Lorry driver who admitted wrecking a Narrow Water memorial has his 12 month sentence reduced to six

The scene of damage caused to the Narrow Water memorial
The scene of damage caused to the Narrow Water memorial The scene of damage caused to the Narrow Water memorial

A LORRY driver who admitted wrecking a memorial to murdered soldiers had his 12 month sentence reduced to six months.

Robert McKeegan (44) appeared at Newry County Appeal Court yesterday where Judge Gordon Kerr QC said, while he believed the original sentence was “excessive,” he considered an immediate custodial sentence was "fully justified.”
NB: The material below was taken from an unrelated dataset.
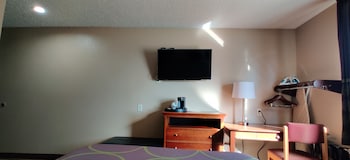 Room, 1 Queen Bed, Non Smoking (Mobility Accessible)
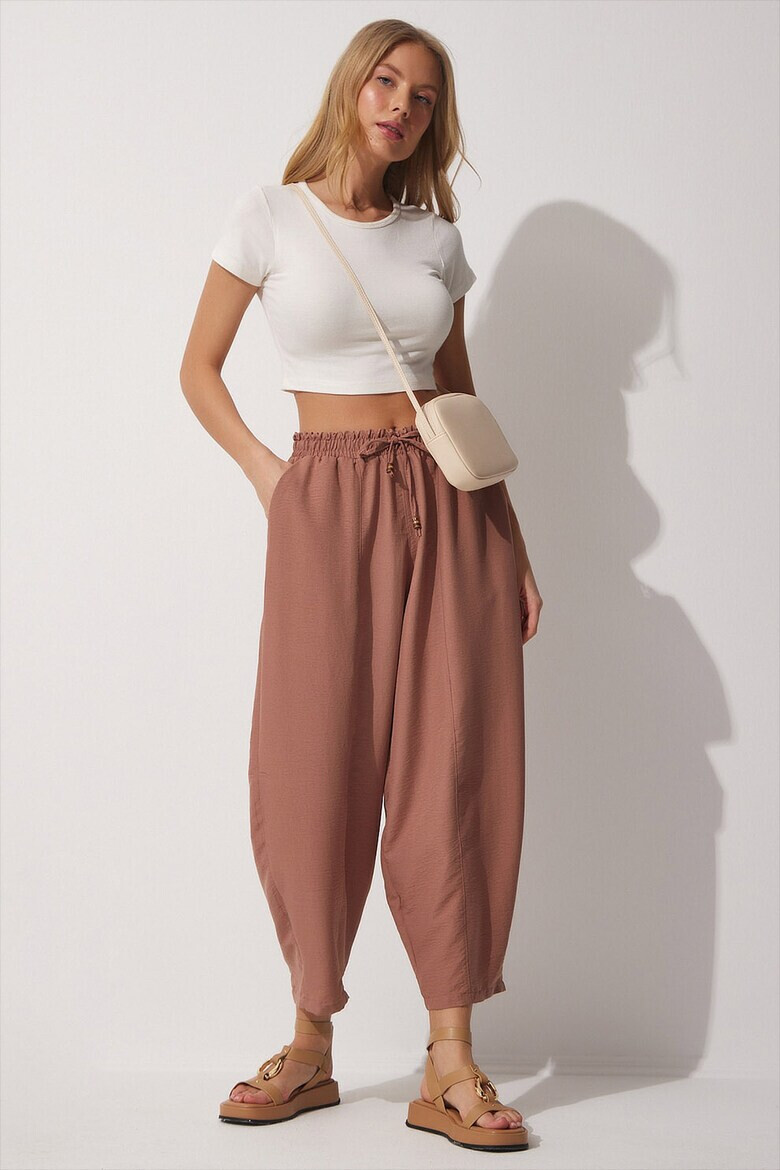 Happiness İstanbul Pantaloni crop cu croiala conica - Pled.ro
At the same court in February McKeegan, from Beech Drive, Bleary, Craigavon, pleaded guilty to causing criminal damage to a memorial belonging to Royal British Legion intending to damage such property or being reckless as to whether such property would be damaged on October 4 last year.

Ordering McKeegan to be jailed for six months with a further six months to be spent on supervised licence, District Judge Peter Magill told him: “The fact of the matter is that this was a quite appalling offence of wanton destruction of a memorial to the dead.“

The court heard then and the prosecution reminded the court yesterday that at around 7.30am that morning, police received a report of criminal damage to a British Army memorial at Narrow Water, dedicated “to the memory of 18 British soldiers murdered by Irish republican terrorised during a bombing in 1979.”

Counsel for the Public Prosecution Service outlined that from CCTV, McKeegan could be seen getting out of his lorry while on his mobile phone and “kicking out at crosses and wreaths, damaging the memorial.”

“As a result of extensive enquiries,” he told the court police were able to track McKeegan’s lorry and arrest him two weeks later but during five police interviews, “he made no comment or offered no explanation to officers,” adding that the value of the damage was around £200.

In sentencing McKeegan at that stage, Judge Magill made it clear that “I’m not finding hostility” as a factor and during his plea in mitigation yesterday defence counsel Kevin O’Hare said it was clear from the pre-sentence probation report that McKeegan “had absolutely no idea as to the background” or significant of the memorial.

Sentencing McKeegan to a six month jail sentence, Judge Kerr said that unlike the lower court, he had the benefit of the probation report and from that and defence submissions, his view was that “there was no particular animus” on McKeegan’s part.